La storia della fotografia in bianco e nero

È incredibile pensare che il 2026 segnerà i 200 anni dalla prima fotografia in bianco e nero, scattata da Joseph Nicéphore Niépce nel 1826. In questi due secoli, la fotografia è cambiata completamente: dall'invenzione del colore nel 1861 all'avvento delle fotocamere digitali di ultima generazione, oggi addirittura tascabili. Eppure, nonostante le profonde differenze tra la fotografia di oggi e quella di ieri, fatta di procedimenti lunghi e complessi e di ingombranti attrezzature, il fascino del bianco e nero resta immutato. Scattare in monocromatico conferisce alle immagini un'eleganza senza tempo che si adatta a moltissimi stili fotografici.

La fotografia in bianco e nero è perfetta per semplificare una scena e applicare un approccio più minimalista. Senza il colore, che può distrarre l'attenzione di chi guarda, le composizioni risultano più pulite e focalizzate. Eliminare il colore invita a concentrarsi su ciò che conta: forme, inquadratura, soggetto, composizione e contrasto. È uno stile molto efficace anche nei progetti di album fotografici, perché un'estetica monocromatica coerente conferisce un'identità visiva uniforme all'intera serie di immagini.

La vista dalla finestra di Joseph Nicéphore Niépce a Le Gras, c.1826–27

Perché scattare in bianco e nero

Quando scatti in bianco e nero con iPhone o Android, esistono alcuni principi universalmente validi a prescindere dal modello di smartphone. Quasi tutti offrono una funzione di anteprima monocromatica, così puoi già vedere la scena senza colori. Su iOS questa opzione puù chiamarsi Mono, Metallico o Noir; su Android, Monocromatico, Bianco e nero o Scala di grigi.

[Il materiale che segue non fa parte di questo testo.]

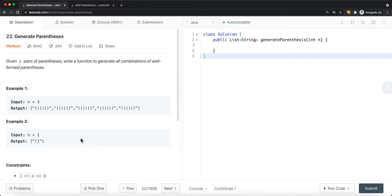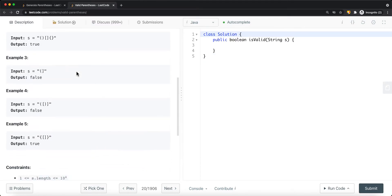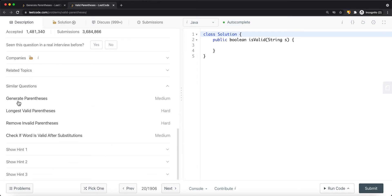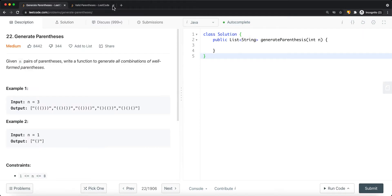In this video we're going to look at a LeetCode problem called Generate Parentheses. After doing the Validate Parentheses question, I noticed a related question under similar questions. I clicked on it and realized it's not really related to stack, but instead uses backtracking to solve the problem.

Esistono due scuole di pensiero sull'uso dei preset in bianco e nero. Scattare a colori ti dà più controllo in fase di editing, soprattutto se il tuo smartphone supporta il formato RAW, che conserva tutte le informazioni sul colore. Questo è utilissimo in app come Lightroom Mobile, dove puoi intervenire sui singoli canali cromatici mentre elabori la versione in bianco e nero.

Detto questo, scattare direttamente con un filtro in bianco e nero attivo può essere più pratico. Puoi eseguire la composizione senza la distrazione del colore e concentrarti su luce, forme e contrasto. Tieni presente, però, che, se il telefono salva solo in formati compressi come JPEG o HEIF, quando usi il filtro mono perderai i dati cromatici e non potrai tornare a una versione a colori. Se possibile, scatta in RAW o fai due foto: una a colori e una in bianco e nero.

Su alcuni smartphone, attivare un filtro può anche ridurre la risoluzione. Sul mio Samsung Galaxy S23, ad esempio, si passa dai 50MP massimi a soli 12MP con il filtro B&N attivo. Una risoluzione che resta più che sufficiente per i social e gli schermi più piccoli, ma che va valutata attentamente se prevedi di pubblicare le tue foto e avrai bisogno di stampe di una certa dimensione.

I telefoni Android e iOS consentono di scattare direttamente in bianco e nero o di applicare filtri monocromatici alle foto a colori

Grana analogica e rumore digitale

La tipica grana delle vecchie fotografie su pellicola era legata al valore ISO, chiamato ASA ai tempi dell'analogico. L'ISO (International Organization for Standardization) indica la sensibilità della pellicola utilizzata nelle fotocamere più vecchie, come le SLR: una pellicola ISO800, ad esempio, è molto più sensibile alla luce rispetto a una ISO50, ma introduce molta più grana e riduce i dettagli, quello che chiamiamo "rumore digitale".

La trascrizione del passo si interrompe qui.